How to prove
$$\int_0^{\pi/2} \frac{\cos ((1-a) x)\cos ^{1-a}(x)}{ (\cosh (2 b)-\cos (2 x))} \, dx=\frac{\pi e^{(a-1)b}}{4\sinh (b) \cosh ^a(b)}$$
So far I've got no idea of tackling it (my intuition is on contour integration). I'd like you to give some suggestions. Thanks in advance!
Update: I found an alternate proof for @pisco's general formula.
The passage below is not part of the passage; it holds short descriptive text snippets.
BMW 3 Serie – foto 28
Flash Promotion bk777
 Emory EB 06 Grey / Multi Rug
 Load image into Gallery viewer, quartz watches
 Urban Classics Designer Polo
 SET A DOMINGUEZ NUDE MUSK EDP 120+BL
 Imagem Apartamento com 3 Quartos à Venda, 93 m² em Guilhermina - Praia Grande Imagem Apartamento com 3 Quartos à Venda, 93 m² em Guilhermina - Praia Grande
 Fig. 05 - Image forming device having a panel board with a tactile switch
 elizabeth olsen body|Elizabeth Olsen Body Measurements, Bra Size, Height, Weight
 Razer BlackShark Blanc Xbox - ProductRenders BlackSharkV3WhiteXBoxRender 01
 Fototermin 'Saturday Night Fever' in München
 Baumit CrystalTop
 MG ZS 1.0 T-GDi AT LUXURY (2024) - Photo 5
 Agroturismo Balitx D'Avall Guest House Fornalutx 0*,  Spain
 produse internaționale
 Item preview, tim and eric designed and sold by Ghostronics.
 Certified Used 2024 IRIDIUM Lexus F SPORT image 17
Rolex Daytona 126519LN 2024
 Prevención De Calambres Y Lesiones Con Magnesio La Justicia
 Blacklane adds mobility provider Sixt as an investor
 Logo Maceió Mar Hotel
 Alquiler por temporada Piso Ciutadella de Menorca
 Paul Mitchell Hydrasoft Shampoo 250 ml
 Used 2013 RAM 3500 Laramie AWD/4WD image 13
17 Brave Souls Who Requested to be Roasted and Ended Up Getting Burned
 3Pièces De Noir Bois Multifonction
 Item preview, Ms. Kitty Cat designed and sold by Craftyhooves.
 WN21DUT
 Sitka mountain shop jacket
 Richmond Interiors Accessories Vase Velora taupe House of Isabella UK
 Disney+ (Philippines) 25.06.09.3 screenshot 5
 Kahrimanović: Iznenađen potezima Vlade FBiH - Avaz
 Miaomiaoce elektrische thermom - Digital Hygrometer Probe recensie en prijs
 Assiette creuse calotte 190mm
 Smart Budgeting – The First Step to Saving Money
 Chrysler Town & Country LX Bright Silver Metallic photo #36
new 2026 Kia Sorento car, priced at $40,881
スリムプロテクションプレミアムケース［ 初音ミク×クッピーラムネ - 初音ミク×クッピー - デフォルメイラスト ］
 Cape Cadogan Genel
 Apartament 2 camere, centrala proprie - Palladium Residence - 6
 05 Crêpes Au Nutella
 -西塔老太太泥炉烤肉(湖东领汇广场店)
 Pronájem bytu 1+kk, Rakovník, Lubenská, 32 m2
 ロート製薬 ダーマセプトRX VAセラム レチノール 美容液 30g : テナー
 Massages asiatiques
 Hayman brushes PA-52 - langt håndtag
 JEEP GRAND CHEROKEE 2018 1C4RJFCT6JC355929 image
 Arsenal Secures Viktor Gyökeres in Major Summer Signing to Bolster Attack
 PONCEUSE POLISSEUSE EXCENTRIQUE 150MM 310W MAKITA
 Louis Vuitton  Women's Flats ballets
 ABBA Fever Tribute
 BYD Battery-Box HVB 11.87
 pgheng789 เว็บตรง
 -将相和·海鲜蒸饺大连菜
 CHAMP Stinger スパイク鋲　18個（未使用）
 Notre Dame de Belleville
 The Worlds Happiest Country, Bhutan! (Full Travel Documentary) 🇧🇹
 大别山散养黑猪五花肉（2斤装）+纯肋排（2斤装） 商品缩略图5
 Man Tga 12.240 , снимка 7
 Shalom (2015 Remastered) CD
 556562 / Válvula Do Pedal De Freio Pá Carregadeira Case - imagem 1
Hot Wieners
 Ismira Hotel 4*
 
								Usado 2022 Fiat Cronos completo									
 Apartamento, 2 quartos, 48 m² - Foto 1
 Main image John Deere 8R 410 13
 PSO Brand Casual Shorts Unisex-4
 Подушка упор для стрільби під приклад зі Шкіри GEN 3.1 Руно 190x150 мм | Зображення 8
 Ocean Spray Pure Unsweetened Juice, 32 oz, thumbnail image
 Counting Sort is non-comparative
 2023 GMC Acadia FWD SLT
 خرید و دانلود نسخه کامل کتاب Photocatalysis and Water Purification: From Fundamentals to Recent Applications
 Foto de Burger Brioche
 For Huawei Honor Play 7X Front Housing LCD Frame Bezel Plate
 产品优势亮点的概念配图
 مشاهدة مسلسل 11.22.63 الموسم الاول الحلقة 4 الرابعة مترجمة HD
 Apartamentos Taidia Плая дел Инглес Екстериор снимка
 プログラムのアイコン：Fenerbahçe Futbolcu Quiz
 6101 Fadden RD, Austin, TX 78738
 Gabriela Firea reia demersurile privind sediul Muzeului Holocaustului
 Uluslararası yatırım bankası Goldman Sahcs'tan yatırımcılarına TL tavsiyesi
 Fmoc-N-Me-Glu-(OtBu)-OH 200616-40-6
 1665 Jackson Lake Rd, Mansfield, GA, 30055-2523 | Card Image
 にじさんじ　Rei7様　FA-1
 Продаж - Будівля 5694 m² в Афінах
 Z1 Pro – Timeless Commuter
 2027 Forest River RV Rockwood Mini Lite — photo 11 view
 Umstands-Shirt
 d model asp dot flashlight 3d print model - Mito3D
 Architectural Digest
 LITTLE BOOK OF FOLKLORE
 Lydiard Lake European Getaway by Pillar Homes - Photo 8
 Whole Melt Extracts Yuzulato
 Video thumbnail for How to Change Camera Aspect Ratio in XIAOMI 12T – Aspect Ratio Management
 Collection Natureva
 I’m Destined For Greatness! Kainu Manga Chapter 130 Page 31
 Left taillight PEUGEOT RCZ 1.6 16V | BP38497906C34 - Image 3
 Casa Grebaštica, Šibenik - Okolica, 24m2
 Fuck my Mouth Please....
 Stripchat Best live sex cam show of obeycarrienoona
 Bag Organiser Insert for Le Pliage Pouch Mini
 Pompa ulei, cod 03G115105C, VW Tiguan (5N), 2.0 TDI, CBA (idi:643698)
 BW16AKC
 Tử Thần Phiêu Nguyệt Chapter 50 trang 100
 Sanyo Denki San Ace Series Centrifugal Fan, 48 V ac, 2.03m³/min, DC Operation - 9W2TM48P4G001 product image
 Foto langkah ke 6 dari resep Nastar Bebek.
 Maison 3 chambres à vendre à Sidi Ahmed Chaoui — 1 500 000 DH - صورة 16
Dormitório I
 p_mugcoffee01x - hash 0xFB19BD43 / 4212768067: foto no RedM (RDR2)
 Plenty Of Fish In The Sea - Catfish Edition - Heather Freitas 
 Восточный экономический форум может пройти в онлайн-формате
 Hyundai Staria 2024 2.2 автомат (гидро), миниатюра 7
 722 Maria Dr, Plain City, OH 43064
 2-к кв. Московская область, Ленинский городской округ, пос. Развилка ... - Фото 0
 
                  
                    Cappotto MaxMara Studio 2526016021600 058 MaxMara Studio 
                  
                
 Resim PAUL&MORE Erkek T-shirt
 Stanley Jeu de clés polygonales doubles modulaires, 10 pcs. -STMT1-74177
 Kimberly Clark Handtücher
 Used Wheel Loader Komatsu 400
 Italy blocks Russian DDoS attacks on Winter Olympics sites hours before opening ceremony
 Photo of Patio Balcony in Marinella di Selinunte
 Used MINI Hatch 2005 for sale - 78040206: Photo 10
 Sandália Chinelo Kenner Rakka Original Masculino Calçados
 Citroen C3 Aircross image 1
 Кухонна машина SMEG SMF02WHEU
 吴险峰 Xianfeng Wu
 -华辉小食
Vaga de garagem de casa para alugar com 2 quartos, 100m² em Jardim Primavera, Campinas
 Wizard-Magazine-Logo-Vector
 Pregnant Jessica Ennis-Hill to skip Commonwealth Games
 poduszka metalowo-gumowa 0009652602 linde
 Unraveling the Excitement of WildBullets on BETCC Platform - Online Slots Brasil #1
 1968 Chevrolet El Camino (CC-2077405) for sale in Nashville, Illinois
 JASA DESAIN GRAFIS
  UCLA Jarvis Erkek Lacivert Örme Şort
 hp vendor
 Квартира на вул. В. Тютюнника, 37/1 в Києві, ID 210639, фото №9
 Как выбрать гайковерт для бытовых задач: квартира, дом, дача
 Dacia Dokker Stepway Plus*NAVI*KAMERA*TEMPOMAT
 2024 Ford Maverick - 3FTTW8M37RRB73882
By using Fourier expansion
$$\frac{\sinh (2 b)}{\cosh (2 b)-\cos (2 x)}=2 \sum _{k=1}^{\infty } e^{-2kb} \cos (2 k x)+1$$
and trigonometric identities $\cos*\cos\to \cos+\cos$ , one have
$$\small I=\int_0^{\pi /2} {\frac{{{{(\cos x)}^a}\cos cx}}{{\cosh 2b – \cos 2x}}dx} =\frac{\sum _{k=1}^{\infty } \exp (-2 b k) (f(a+1,c+2 k)+f(a+1,c-2 k))+f(a+1,c)}{\sinh (2 b)}$$
Where $f$ denotes the classic Cauchy integral ($\Re v>0$)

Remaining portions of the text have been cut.